- Exercise
Pictures in the data should be dropped; transcribe exactly the lines from the one that has "Omega De Ville" through the one that has "Omega Omega shibastar".

- Dataset extract

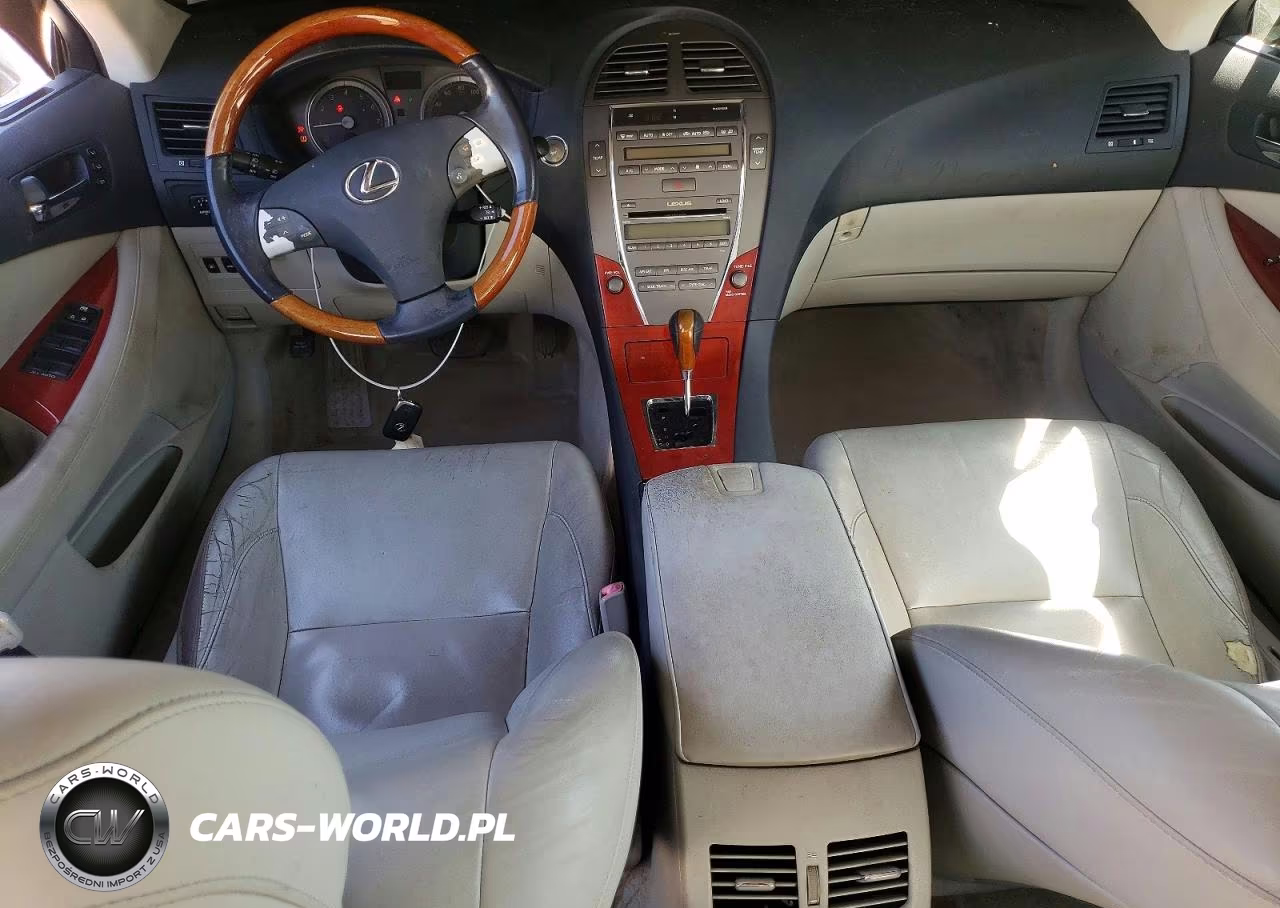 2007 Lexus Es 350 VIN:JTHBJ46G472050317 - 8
...
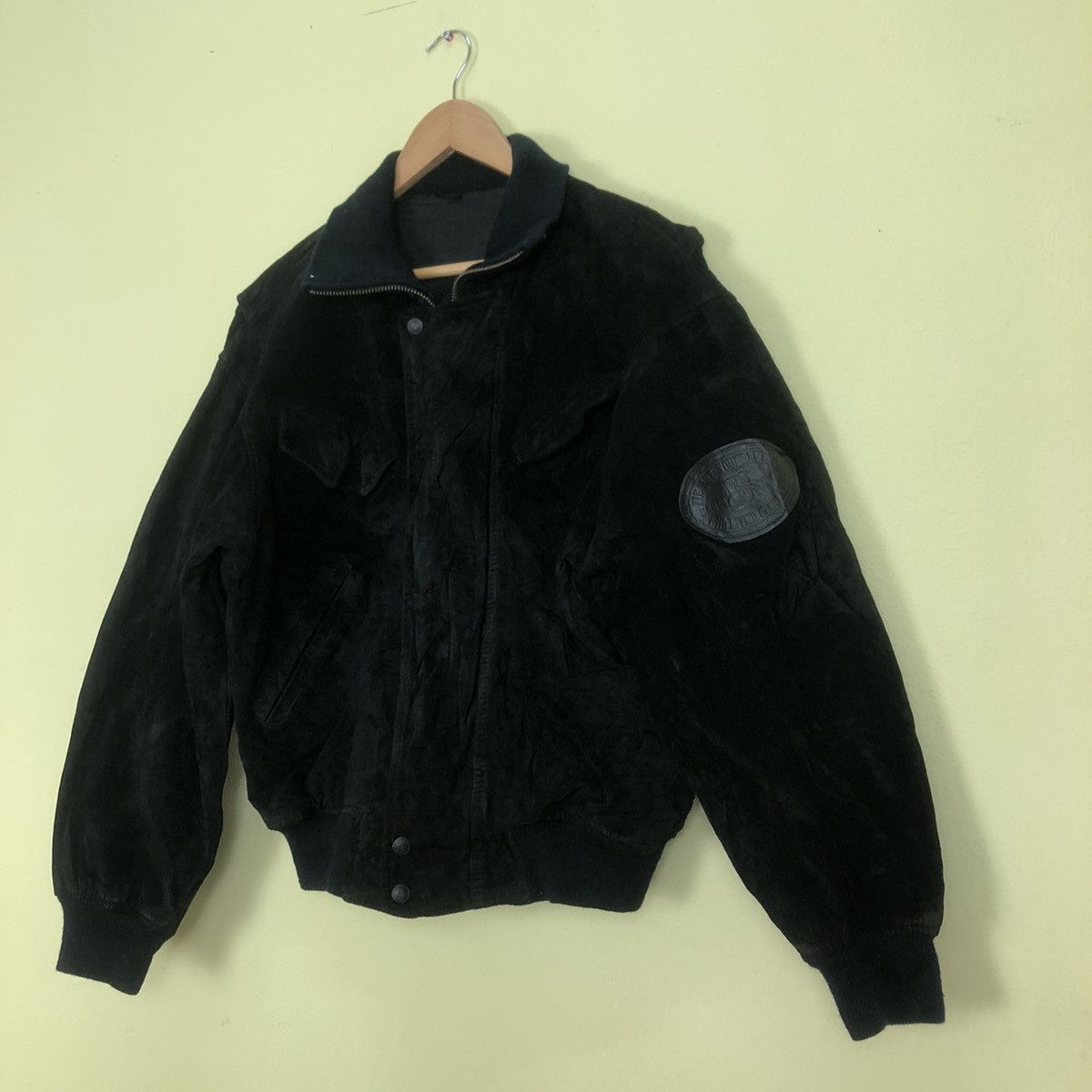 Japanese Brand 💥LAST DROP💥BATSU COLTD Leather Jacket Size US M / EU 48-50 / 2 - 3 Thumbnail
---
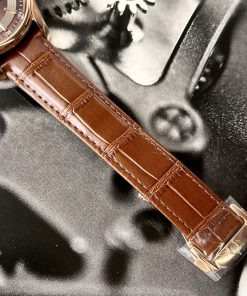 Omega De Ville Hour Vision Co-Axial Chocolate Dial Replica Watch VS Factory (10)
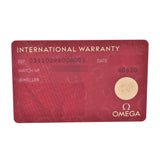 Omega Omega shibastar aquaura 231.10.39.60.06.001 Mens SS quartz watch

- Result of the task
 Omega De Ville Hour Vision Co-Axial Chocolate Dial Replica Watch VS Factory (10)
 Omega Omega shibastar aquaura 231.10.39.60.06.001 Mens SS quartz watch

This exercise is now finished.